Management of Recurrent Pain After Median Arcuate Ligament Release with Celiac Artery Stenosis
For a patient with recurrent pain one year after median arcuate ligament (MAL) release and celiac plexus neurolysis who has 60% stenosis of the proximal celiac artery on CT, endovascular intervention with angioplasty and stenting of the celiac artery is the recommended next step.
Diagnostic Confirmation
Before proceeding with intervention, confirm the diagnosis with:
- Mesenteric angiography in lateral projection during both inspiration and expiration to:
- Document dynamic worsening of stenosis on expiration
- Evaluate for mesenteric collateralization 1
- Assess hemodynamic significance of the stenosis
Treatment Algorithm
Endovascular intervention with celiac artery stenting
If endovascular approach fails or is contraindicated:
- Consider surgical bypass or other forms of celiac artery revascularization
- Studies show persistent resolution of clinical symptoms in 76% of patients who underwent revascularization in addition to decompression, compared to 53% with decompression alone 1
Evidence Supporting This Approach
The ACR Appropriateness Criteria specifically addresses this scenario, noting that endovascular stent placement after MAL release is appropriate when there is residual stenosis of the celiac artery >30% 1. With 60% stenosis in this patient, stenting is clearly indicated.

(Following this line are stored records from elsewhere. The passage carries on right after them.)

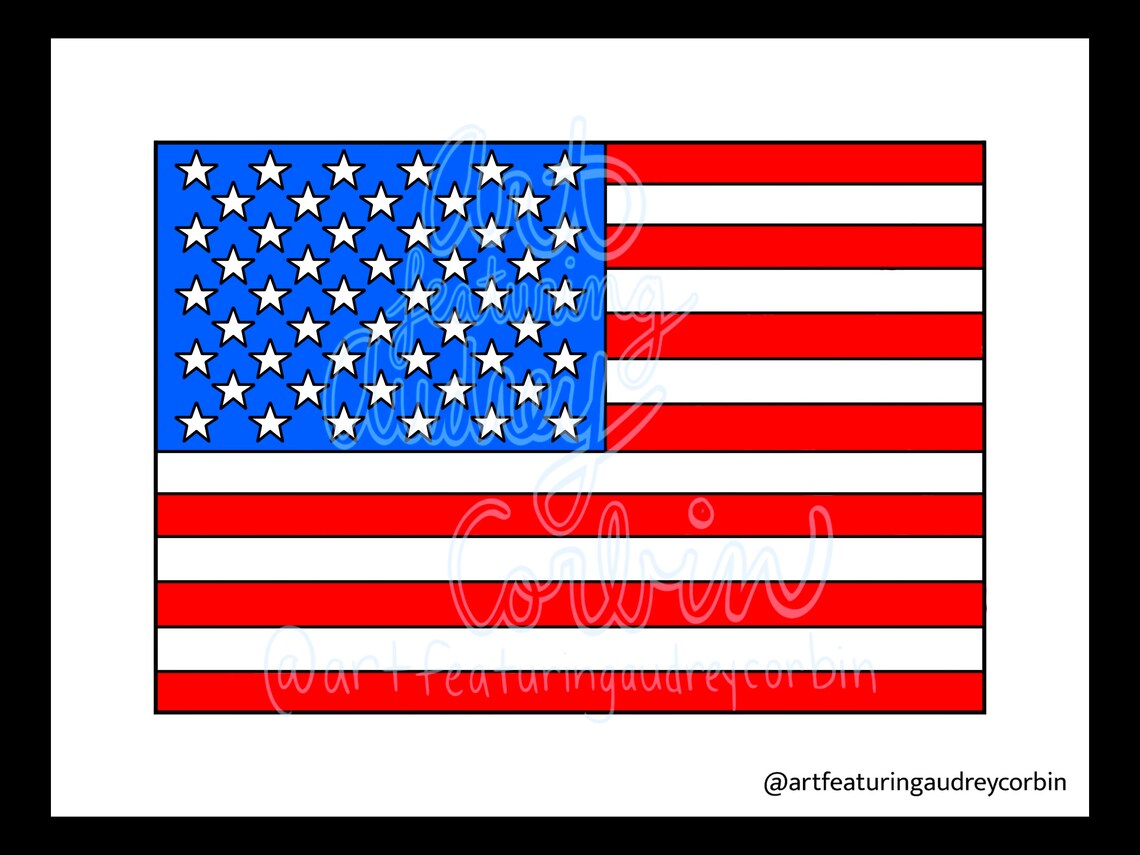 United States Flag Coloring Page for Kids and Adults Instant Download ...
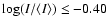 $\log({I/\langle I \rangle}) \le -0.40$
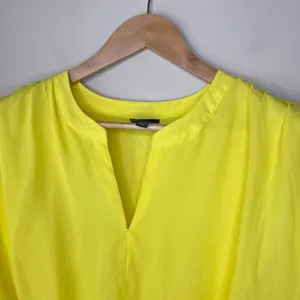 Ulla Popken Yellow Pleated Chiffon Midi Dress Sleeveless Tie Waist Size 24‎ Plus thumbnail 5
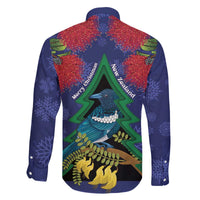 New Zealand Christmas In July Family Matching Off The Shoulder Long Sleeve Dress and Hawaiian Shirt Kowhai Tui Bird With Pohutukawa - Blue LT14 - Polynesian Pride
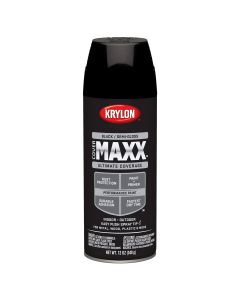 Krylon Covermaxx Paint+Primer; Semi-Gloss Black; 12 oz. Aerosol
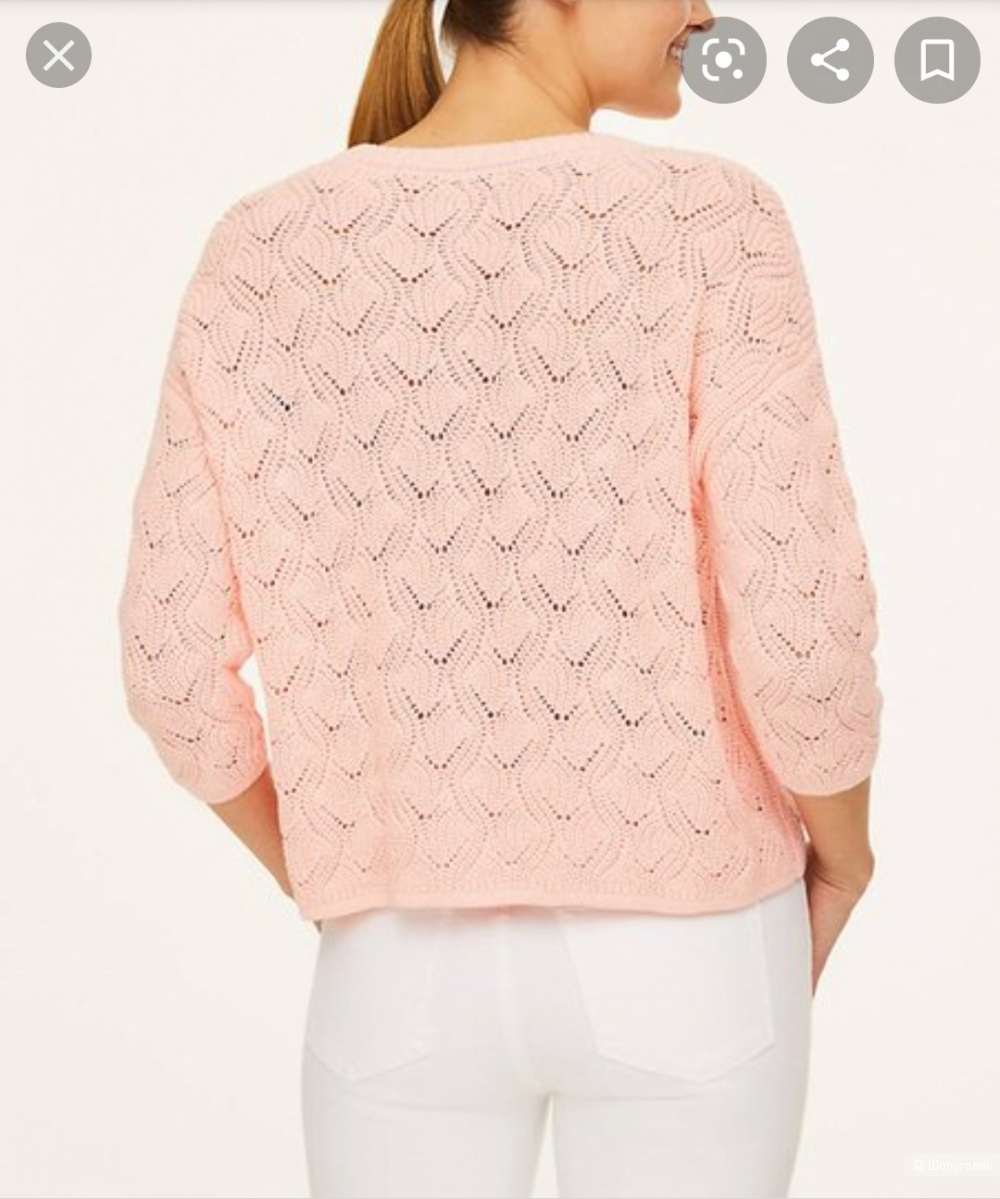 Розовый вязаный свитер короткий XS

A multidisciplinary approach that includes stenting or surgical bypass as needed following surgical release has demonstrated high rates of symptomatic relief (75%) and freedom from reintervention (64%) at 6 months 1.
Important Considerations
- Timing of intervention: Endovascular intervention is typically performed after MAL release, as this patient has already had the ligament released but continues to have symptoms with significant stenosis
- Contraindication: Endovascular intervention alone (without prior MAL release) is not recommended due to the persistence of underlying extrinsic compression 1
- Monitoring: After intervention, follow-up imaging with duplex ultrasound should be performed to confirm improved arterial flow 2
Potential Complications
- Distal mesenteric embolization
- Branch perforation
- Dissection
- Stent dislodgement
- Stent thrombosis 1
Alternative Considerations
If the patient develops symptoms of gastric ischemia after initial treatment, proceeding with celiac axis stenting becomes necessary 3. In this case, the patient already has recurrent pain with documented stenosis, making stenting the appropriate next step.
The management of celiac artery stenosis is particularly important to prevent the development of pancreaticoduodenal artery aneurysms, which can be a serious complication of untreated celiac stenosis 4.